Dallas City Council Chambers
Dallas City Council Chambers | Image by City of Dallas

Dallas City Council members and Mayor Eric Johnson have determined where their discretionary funds from the 2024 Bond Program will go, with much of the funding being allocated toward parks, streets, and homelessness response.

Last week, the council voted to move forward with funding allocations for the $1.25 billion bond program, which includes $75 million in discretionary funds, as previously reported by The Dallas Express.

The funding is split evenly between the 15 members of the horseshoe, giving each official $5 million of discretionary funding. Officials are at liberty to determine how the $5 million will be spent in their district. The propositions are not yet set in stone: They will be finalized when the council officially calls for the bond election to be held in May, which it is scheduled to do next Wednesday.

Mayor Johnson and Council Member Cara Mendelsohn (D12) each directed the entirety of their $5 million to parks.

Along with funding from other council members, a total of $32,970,000 in discretionary funds are set to be used for parks, shifting the total allocation for parks in the bond package from $310,500,000 to $343,470,000, according to a Wednesday presentation from City staff.

Other council members directed their discretionary funds toward streets, homelessness response, and economic development. A total of $16.5 million in discretionary funds is being used for streets, while $10.5 million is going toward homelessness, and $8 million is going toward economic development.


Mendelsohn explained to The Dallas Express that the same mechanisms for fiscal accountability and transparency in place for the other City dollars also apply to the discretionary funds.

“There is just as much accountability for the $5 million that’s being called discretionary as there is for any other dollar in the bond package,” she said, explaining that the discretionary funds will be under the same oversight as other City expenditures.

“Council members had to put it in writing what the money would be used for. It’s published … just like any other project,” Mendelsohn continued. “If the council member was picking projects or use of money that did not reflect the district, well, now the district knows. Maybe that would influence what they think about that council member. … So that’s the transparency.”

Mendelsohn maintained her support for the inclusion of discretionary funds in the bond proposition, explaining that individual council members better understand the needs of their district than the council as a whole.

“I think allowing council members to pick these most urgent, everyday, ongoing problems … is a good thing,” she said.

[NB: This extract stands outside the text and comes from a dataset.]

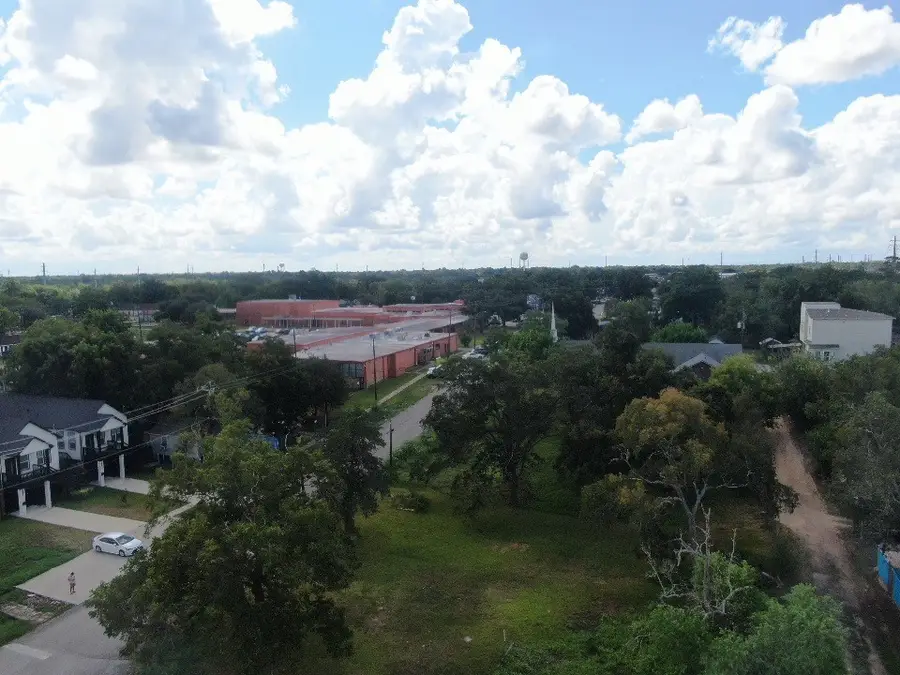 204 3rd Street, Rosenberg, TX 77471 - #2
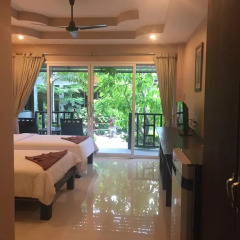Baan Suan Ta Hotel 2* Улучшенный номер с двуспальной кроватью фото 8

Moving forward, City staff are working with council members to refine a list of projects that will be funded through the bond program. The list will be finalized by the end of February, according to the staff’s briefing on Wednesday.

Staff also shared a plan on Wednesday for dividing the $100.2 million in housing dollars. The proposition includes directing 40% of the funding toward infrastructure projects and the other 60% toward gap financing, grants, and private loans.


However, Council Member Kathy Stewart (D10) questioned why this information was shared so late in the bond process.

“We’ve asked a lot of times … around the horseshoe about … the plans for the housing dollars,” she noted. “It’s curious to me that this is just coming up now that we understand how this needs to be allocated in the propositions going forward.”

“In the future, if you could just give us all the information you can possibly think of earlier in the process, I think that could help us as we make decisions,” she told staff. “This feels like new information coming late in the conversation.”

The 2024 Bond Program, along with overall fiscal responsibility at City Hall, was also discussed on Tuesday by Mendelsohn during an event with the Metroplex Civic & Business Association, as previously reported by DX.